P. Rey (UMR) : "La croissance mondiale est entrée dans une phase de ralentissement"
Décideurs. Avant d’évoquer votre stratégie pour 2019, revenons sur 2018, une année particulièrement difficile pour les marchés actions. Comment avez-vous vécu la chute brutale des principaux indices mondiaux ?
Philippe Rey. L’UMR est un investisseur de long terme ; la durée moyenne de nos engagements est de vingt ans. Tactiquement, nous pouvons ajuster notre allocation à la marge, comme ce fut le cas l’année dernière, alors que les marchés actions ont connu leur pire année depuis 2011. L’optimisme des investisseurs du début d’année n’a pas résisté à l’accroissement du risque politique et le ralentissement synchronisé des principales économies mondiales. Ces craintes, nous les avions assez bien anticipées. Nous nous étions allégés au printemps 2018. En fin d’année, les investisseurs ont sombré dans le pessimisme, tant et si bien que nous avons assisté à un sell off sur les marchés actions mondiaux. Même le marché américain, qui avait jusqu’alors bien résisté, a baissé à partir du quatrième trimestre. En 2018, notre portefeuille d’actions européennes s’est replié de près 14,5%. Notre poche consacrée aux actions internationales a cependant joué son rôle d’amortisseur en ne cédant que 7,8 %. Les valeurs cycliques sont celles qui ont le plus souffert. À l’inverse, le secteur des services publics, de la santé et de l’énergie ont fait preuve d’une belle résistance.
Avez-vous allégé vos positions après le rebond des marchés au cours du premier trimestre 2019 ?
En fin d’année dernière, nous avions le sentiment que la correction était un peu sévère.
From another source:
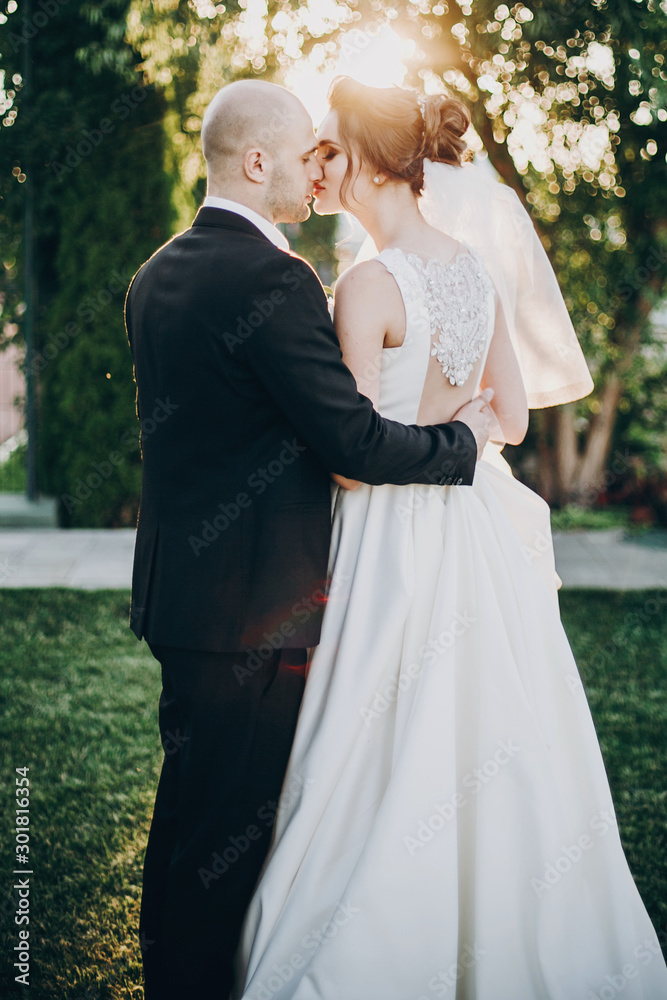 Stylish bride and groom gently kissing in sunset light. Beautiful bride with modern bouquet embracing with stylish groom in summer park. Sensual romantic moment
La croissance mondiale est entrée dans une phase de ralentissement, et non de récession comme certains investisseurs avaient pu le craindre. Nous nous sommes donc repositionnés de manière marginale en toute fin d’année sur les marchés actions. Les performances de ce début 2019 sont exceptionnelles sur les marchés actions. Ces derniers ont rebondi très rapidement et nous nous sommes donc de nouveau allégés pour écrêter nos plus-values.
« Notre poche consacrée aux actions internationales a joué son rôle d’amortisseur en 2018 »
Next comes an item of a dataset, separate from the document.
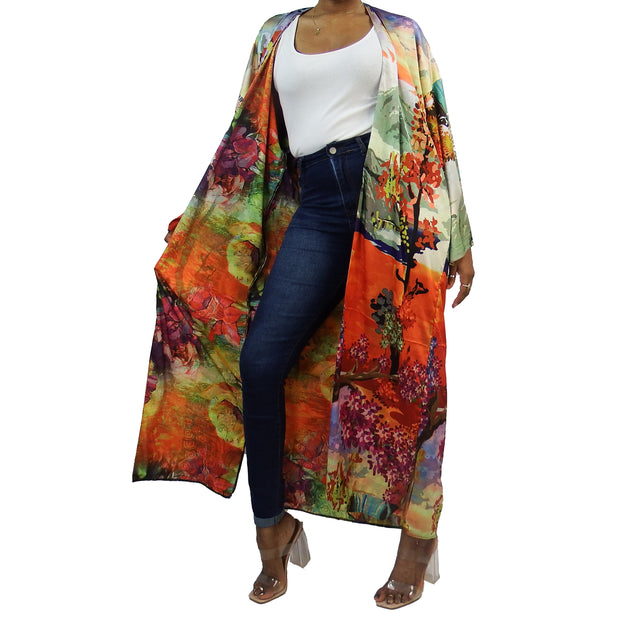 Long floor length kimono jackect worn over dark blue jeans and white t-shirt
Malgré votre préférence pour les actions européennes, vous n’hésitez pas à diversifier vos investissements sur d’autres zones géographiques. Quelles parts réprésentent les marchés américains et japonais ? Qu’en est-il de la Chine ?
Plus de 40 % de nos investissements en actions le sont en dehors de l’Europe. Les États-Unis sont la première puissance mondiale et les voyons comme une zone de refuge davantage recherchée lorsque les marchés financiers sont secoués. Notre exposition globale à cette zone est légèrement supérieure à 26 %. Le Japon représente entre 4 ou 5 % de notre allocation. Malgré les problèmes de vieillissement de la population et du manque de main-d’œuvre, le pays fait partie des économies intéressantes, en partie décorrélé des autres zones géographiques. Outre nos expositions marginales sur le Canada et l’Australie, 10 % de notre portefeuille actions est investi sur les émergents, dont une majorité sur la Chine. Un attrait qui vise à la fois les grandes sociétés chinoises de croissance comme des actions d’entreprises locales gérées par des spécialistes.
Le segment de la dette privée est-il aujourd’hui attractif ? Comment gérez-vous les risques associés à ces investissements ?
La France est le deuxième marché européen de la dette privée. Nous investissons sur cette thématique par l’intermédiaire de fonds spécialisés, principalement sur la dette senior, et de façon plus modeste sur la dette mezzanine et l’unitranche. Dès 2012, nous nous étions par exemple positionnés sur les premiers Euro Private Placement (Euro PP). Nos engagements portent sur des tickets allant de 10 à 20 M€. Les fonds sur lesquels nous sommes investis sélectionnent une dizaine d’ETI et proposent un taux de rendement net oscillant entre 3 % et 3,5 %. Nous sommes très vigilants lorsque nous réalisons nos due diligence. Nous vérifions notamment la capacité des sociétés de gestion à bien mesurer les taux de défaut hypothétiques et le taux d’endettement des sociétés financées. Un regard très soutenu est également porté sur les aspects juridiques.